If you have to take a hair follicle test, the outcome will also depend on variables such as when was the last time you smoked and how long/what type your hair is. Since new hair grows from the follicles in your scalp, and the longer ends of your hair are the oldest samples... if it's been awhile and your hair is long, maybe a haircut would help, but don't do anything too obvious like shaving it all off or bleaching or dyeing it, or they'll just laugh at you. Each 1/2" of hair is good for about a month, so they try to get 1-1/2" to go back about 90 days. Of course they can get hair from elsewhere on your body, or even fingernail clippings, but they'll most likely suspect what you're up to. I've heard of people who used a product called Root Clean and some passed while others have failed. I'm sure there are variable factors such as how heavy of a smoker you are, or how well you actually follow the instructions, so be sure to do your best when crunch time comes. Detox shampoos and remedies also work better with thin, light colored hair, rather than thick, dark colored hair. 

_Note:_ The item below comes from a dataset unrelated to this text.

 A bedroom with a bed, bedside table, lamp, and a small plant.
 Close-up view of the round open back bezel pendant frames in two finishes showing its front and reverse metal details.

Fortunately I haven't had to take a hair test myself, but having done lots of research on it, the best sounding plan I?ve heard is to get some apple cider vinegar and Nexus Aloe Rid shampoo and Paul Mitchell 3 Cleanser. The best place to find these products is at most hair salons, or maybe some drug stores, or their on Google too... but for the Root Clean, it might even be at some head-shops, but for sure you can just do a search for it on Google and there's lots of places selling it. Here's one: 

Root Clean For Hair Drug Tests 

  

Another product that's been out for several years is called Afterburner, which costs $130, but is supposed to be the most effective at penetrating the hair follicles. But I don't really recommend it since it's so expensive and I haven't seen any feedback about it either way, but I?m skeptical about their advertising claim that the high price indicates how well it works compared to other popular brands, like Root Clean for $100 less. Remember there's no real guarantees, regardless of what they claim, but it may be worth looking into, if you might want to try it, it's available from How To Pass A Drug Test .com - Hair Follicle Detox page and please be sure to post your results. But I have seen a couple of posts from people who failed using the Clear Choice Hair Follicle shampoo, so I wouldn't recommend that one at all. 

First soak your hair for about 15 minutes with the apple cider vinegar and then wash it with the Paul Mitchell 3 cleanser and the Nexus Aloe Rid shampoo. Let each one stay in your hair for about 10 minutes before rinsing and then repeat. Then use the Root Clean or AfterBurner and follow the instructions on that and you're done. Give yourself plenty of time and take care not to run out of hot water as all that takes about an hour or so to do it properly. Be sure to do this at least on the same day of your test, but I would highly recommend precleansing your hair several times during the week leading up to the test with the Aloe Rid Clarifying Shampoo and leaving the Clarifying Treatment on for over two hours before washing your hair with the clarifying shampoo again. 

If you fail a hair test, you should just deny any drug use & tell them you've heard that those tests have a lot of false positives, and ask for a retest by urinalysis instead... and then substitute it on them using a synthetic concentrated sample. Or at least a have them test a new hair sample after you've had a chance to re-wash your hair overnight, about 6 more times with the Aloe Rid and re-soak it for a couple more hours with the Clarifying Treatment, and then use the Clarifying Shampoo again. That worked for one person who had failed his first test using the Clear Choice shampoo.


----------



## TheresNoLuckLikeBudLuck (Feb 19, 2007)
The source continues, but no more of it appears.